I’m working on my water consumption. I’ve been working on it for a while, and it’s the one thing that I consistently struggle with in terms of my nutrition habits. This may sound odd coming from a person who has drastically changed her eating habits over the past 10 years, but the food changes I’ve made – for whatever reason – have not been as much of a challenge for me as regularly getting enough liquid into my system.
This is a little embarrassing to admit, given that proper hydration is crucial to a distance runner. It’s not hard for me to drink water during a run, though. In fact, you’ll usually see me with a water bottle – even on short runs – because I know how important it is to stay hydrated when my body is sweating out water, salt, and goodness knows what else.
The trouble comes in when I have downtime and, therefore, a relaxed schedule without a routine. It’s in these moments that I don’t have a trigger for drinking water…and, without a clear trigger, I rarely succeed in drinking the fluid that my body needs.* I’ll have a glass of water here (sometimes with Nuun, for a little bit of flavor) and a mug of tea there, but my water intake tends to vary by more than 20oz (plus or minus) from day to day.
Here are my working hydration triggers:
- Drink a bottle of water (or more) while exercising, depending on duration and intensity of workout**
- Keep a glass of water and/or tea at my desk and fill it up again as soon as it’s empty
- Drink a glass of water with dinner
- Drink a glass of water before going to sleep
Here are the habits I am working to build:
- Drink a glass of water upon waking up
- Drink a full glass of water immediately after filling up my glass (before I go back to doing whatever it was that I was doing before I went for the refill)
- Keep a bottle of water in the car and drink at least half while on short trips (<30 minutes)
My goal is to keep my existing hydration habits intact while adding the new ones above.

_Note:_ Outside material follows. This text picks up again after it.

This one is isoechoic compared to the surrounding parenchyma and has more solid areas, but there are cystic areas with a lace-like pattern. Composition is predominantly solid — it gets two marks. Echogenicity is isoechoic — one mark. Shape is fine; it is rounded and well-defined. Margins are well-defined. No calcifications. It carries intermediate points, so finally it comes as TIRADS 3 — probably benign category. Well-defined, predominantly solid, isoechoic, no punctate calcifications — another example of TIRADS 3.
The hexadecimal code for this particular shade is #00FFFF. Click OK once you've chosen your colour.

This will even out my water intake and ensure that I am staying properly hydrated, even when I’m not following my usual daily routine.
If you struggle with drinking enough liquid on a daily basis, you may want to try creating similar triggers for yourself. Another suggestion would be to track your intake, perhaps with a fitness or nutrition app (e.g., Map My Run, which I use for tracking my runs and other workouts, also allows me to track my water intake). Sometimes, it helps to make a game out of it and see if you can set a record (e.g., 7 days in a row of drinking the recommended amount of liquid or drinking a glass of water at every meal).

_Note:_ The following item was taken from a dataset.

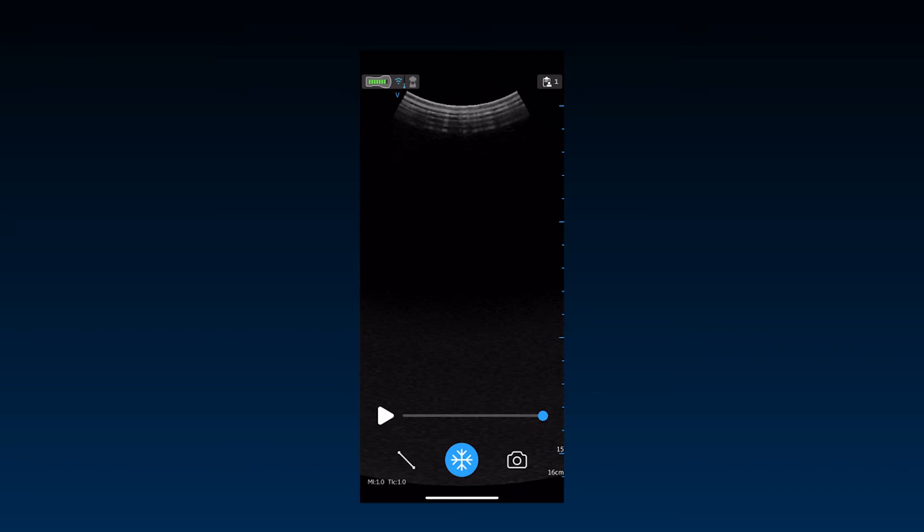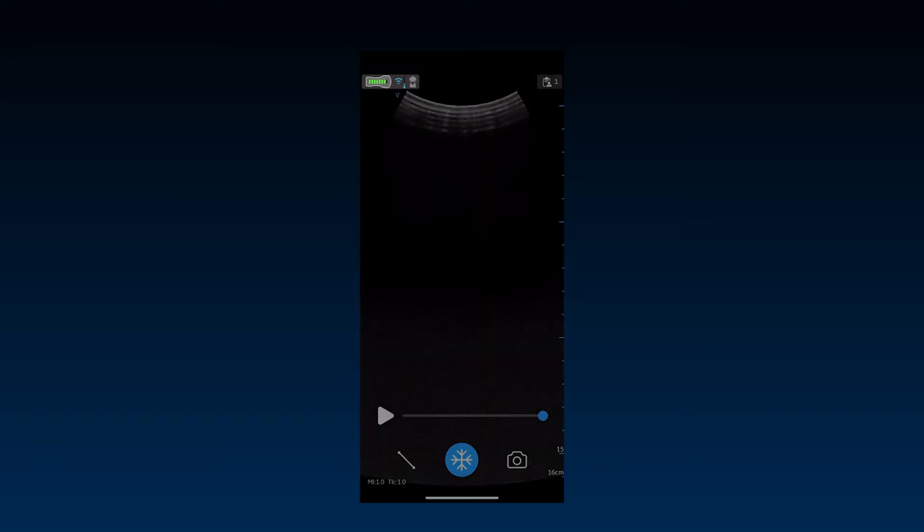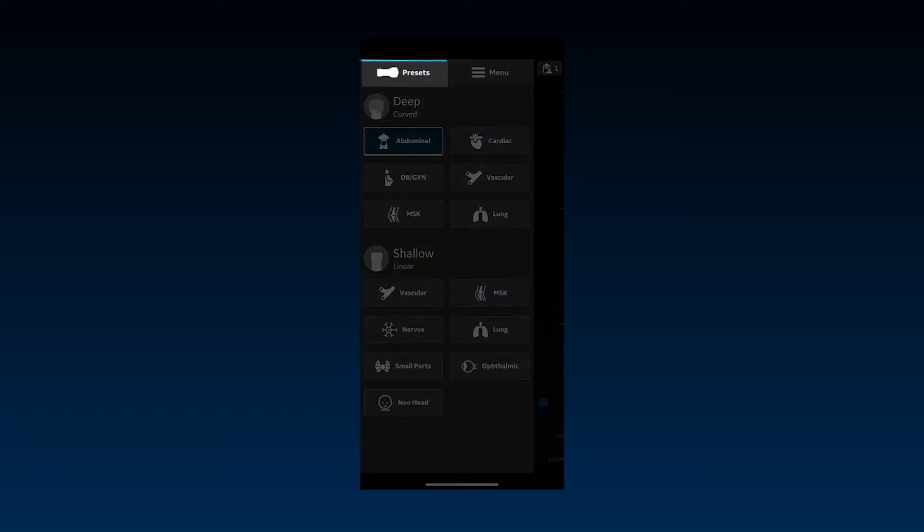Let's see how to configure and customize your vScan Air system. The left upper button on the app opens a panel to select a preset or go into a system menu by pushing the appropriate tab.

Of course, if something isn’t working, you can always try something else. I try to make new habits fun for myself in order to stick with them, and I highly encourage playing around to see what works best for you. I’ll let you know how the hydration habit is going in a future post.

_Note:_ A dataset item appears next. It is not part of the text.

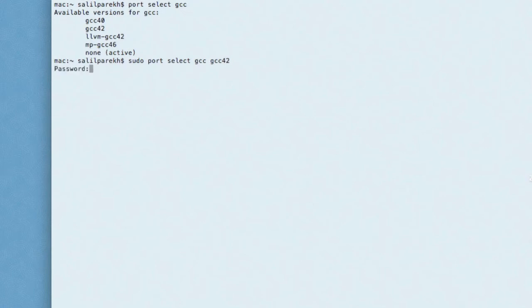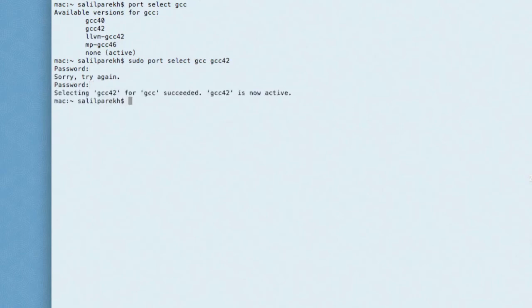Enter your password. There you go — now GCC is active.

* Rather than following the “8 glasses of liquid a day” rule, I prefer to follow the “half your body weight in ounces per day” recommendation. For example, if one weighs 150lbs, the recommendation would be that she drink 75oz of liquid each day. This article is also a good reference for how much fluid we should drink each day.
** When exercising, it is necessary to drink additional fluids to replace those that have been lost through sweating.